**TASK DESCRIPTION**
Return verbatim every line from the first line of the data below to the line that contains "KFA Armatura 4522-712-61", inclusive, and no further.

**RECORDS SHOWN**

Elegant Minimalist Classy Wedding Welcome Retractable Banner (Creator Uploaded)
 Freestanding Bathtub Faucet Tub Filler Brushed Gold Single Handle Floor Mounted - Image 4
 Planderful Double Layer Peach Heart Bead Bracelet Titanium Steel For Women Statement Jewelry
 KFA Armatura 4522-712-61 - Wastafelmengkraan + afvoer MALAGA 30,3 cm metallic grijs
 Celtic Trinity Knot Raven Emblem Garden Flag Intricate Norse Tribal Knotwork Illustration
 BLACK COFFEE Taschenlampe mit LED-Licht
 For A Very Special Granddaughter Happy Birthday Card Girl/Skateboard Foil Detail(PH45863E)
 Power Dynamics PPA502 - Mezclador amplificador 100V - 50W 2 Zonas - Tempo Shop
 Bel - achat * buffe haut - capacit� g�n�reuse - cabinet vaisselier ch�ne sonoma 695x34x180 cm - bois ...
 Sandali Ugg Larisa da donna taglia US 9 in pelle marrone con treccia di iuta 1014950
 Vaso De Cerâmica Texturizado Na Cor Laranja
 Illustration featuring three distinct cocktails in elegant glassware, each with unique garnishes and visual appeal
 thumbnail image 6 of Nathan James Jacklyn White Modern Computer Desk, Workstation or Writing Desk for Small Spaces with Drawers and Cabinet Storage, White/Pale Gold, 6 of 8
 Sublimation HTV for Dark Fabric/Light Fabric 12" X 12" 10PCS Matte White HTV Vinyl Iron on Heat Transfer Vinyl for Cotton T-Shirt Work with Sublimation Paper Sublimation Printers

**TASK RESULT**
Elegant Minimalist Classy Wedding Welcome Retractable Banner (Creator Uploaded)
 Freestanding Bathtub Faucet Tub Filler Brushed Gold Single Handle Floor Mounted - Image 4
 Planderful Double Layer Peach Heart Bead Bracelet Titanium Steel For Women Statement Jewelry
 KFA Armatura 4522-712-61 - Wastafelmengkraan + afvoer MALAGA 30,3 cm metallic grijs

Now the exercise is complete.